- _INSTRUCTIONS FOR THE TASK_
Your output should be the lines from the one containing "Styling: @nayelidealba_" through the last line below, both ends included, exactly as written and free of pictures.

- _EXERCISE DATA_
== == ==

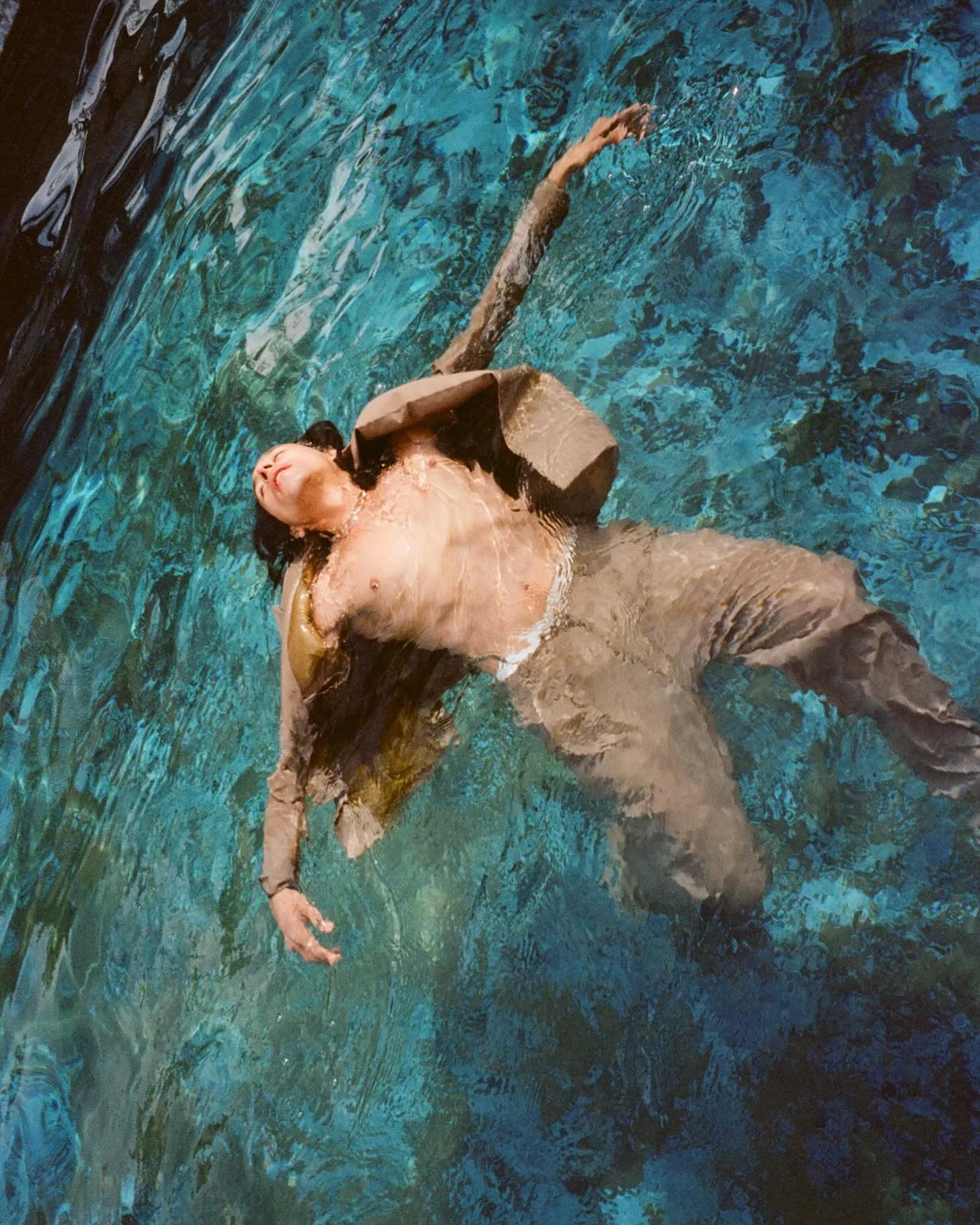 Dude in water 🇲🇽
Styling: @nayelidealba_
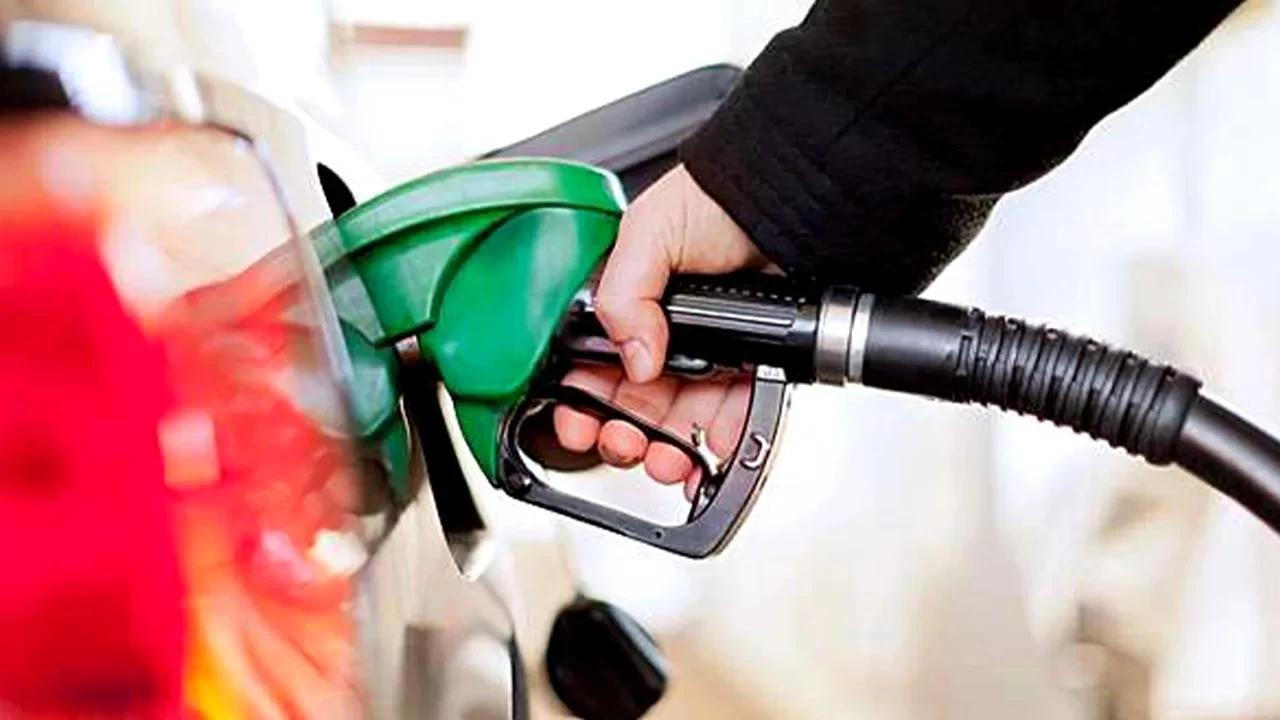Benzine bu gece yarısından itibaren indirim bekleniyor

== == ==

- _SOLUTION TO THIS EXERCISE_
Styling: @nayelidealba_
Benzine bu gece yarısından itibaren indirim bekleniyor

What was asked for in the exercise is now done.